In DSM-5 (APA, 2013), PTSD was included in a new section on trauma- and stress-or-related disorders. This move from DSM-IV-TR, which addressed PTSD as an anxiety disorder, is among several changes approved for this condition that is increasingly at the center of public as well as professional attention (APA, 2013). In PTSD, the trigger is exposure to an actual or threatened death, serious injury or sexual violation. The exposure must result from one or more of the following scenarios, in which the individual: directly experiences the traumatic event, witnesses the traumatic event in person, learns that the traumatic event occurred to a close family member or close friend (with the actual or threatened death being either violent or accidental); or experiences first-hand repeated or extreme exposure to aversive details of the traumatic event (not through media, pictures or movies unless work-related). The disturbance, regardless of its trigger, is supposed to cause clinically significant distress or impairment in the individual’s social interactions, capacity to work or other important areas of functioning and was not the result of another medical condition, medication, drugs or alcohol.
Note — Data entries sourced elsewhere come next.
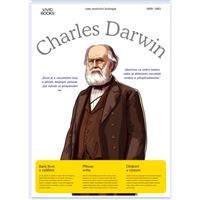 Charles Darwin - nástěnný plakát A2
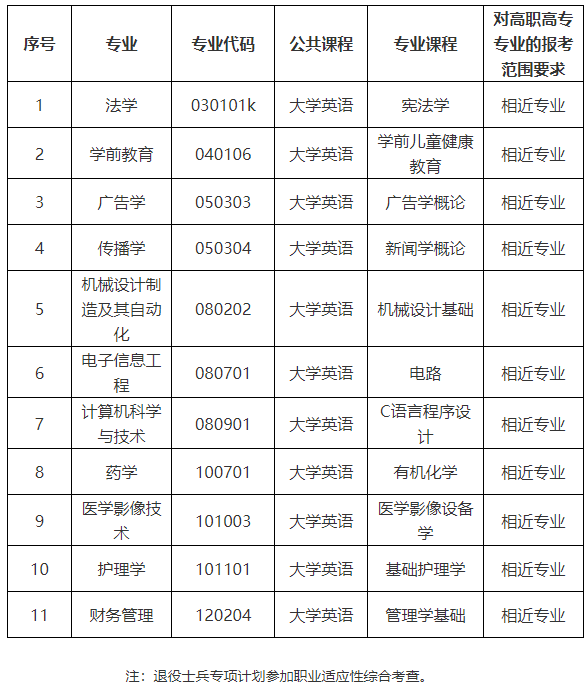 2022年武汉文理学院专升本各专业考试科目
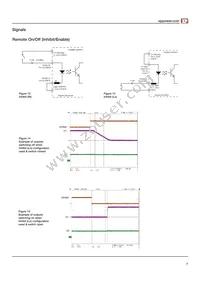 FCM400PS36 Datasheet Page 7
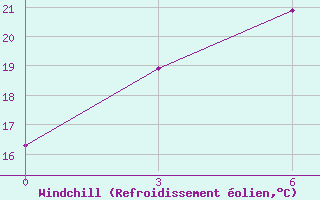 Courbe du refroidissement olien pour Rtiscevo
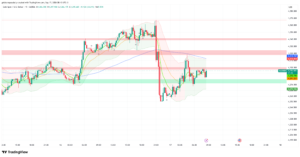 XAU/USD at $4,295 — Gold Coils in Post-FOMC Range as BoE and US Data Take Over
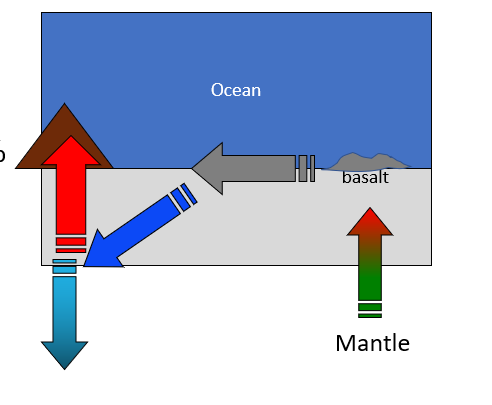 <p><span>•Basalt rises from the mantle (MORB- Mid-Ocean Ridge Basalt)</span></p><p><span>•Horizontal transport picks up silica</span></p><p><span>•Subduction results in generation of two fractions:</span></p><p><span>•one that sinks back into the mantle, and</span></p><p><span>•one that becomes produces magma at volcanic arcs.</span></p><p></p><p><span>Mantle rocks contain about 44% silica.</span></p><p style="text-align: left;"><span>MORB ~ 50% silica.</span></p><p style="text-align: left;"><span>Think layer of sediment ~&nbsp; 80% silica</span></p><p style="text-align: left;"><span>Andesite (strato)volcano ~ 60% silica.</span></p>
In DSM-IV (APA, 2000), the controversy as to the definition of PTSD’s traumatic stressor criterion, since PTSD first appeared in the DSM-III (APA, 1980), may have implications for pointing at trauma in organizational context. This criterion (A1, in DSM-IV) represented an attempt to provide an objective definition of the traumatic event – such as a terror attack on an airport - that was necessary for the validity of the PTSD diagnosis. Despite a long controversy, there was little empirical research exploring whether events meeting DSM-IV-TR’s Criterion A1 were better associated with the diagnosis or severity of PTSD than non-Criterion A1 stressful events. In fact, the trauma literature of recent years is not well linked to the research that has been conducted on the psychological and physiological impact of “mere” stressful life events over the past century (e.g. Holmes & Rahe, 1967; Vinokur & Selzer, 1975).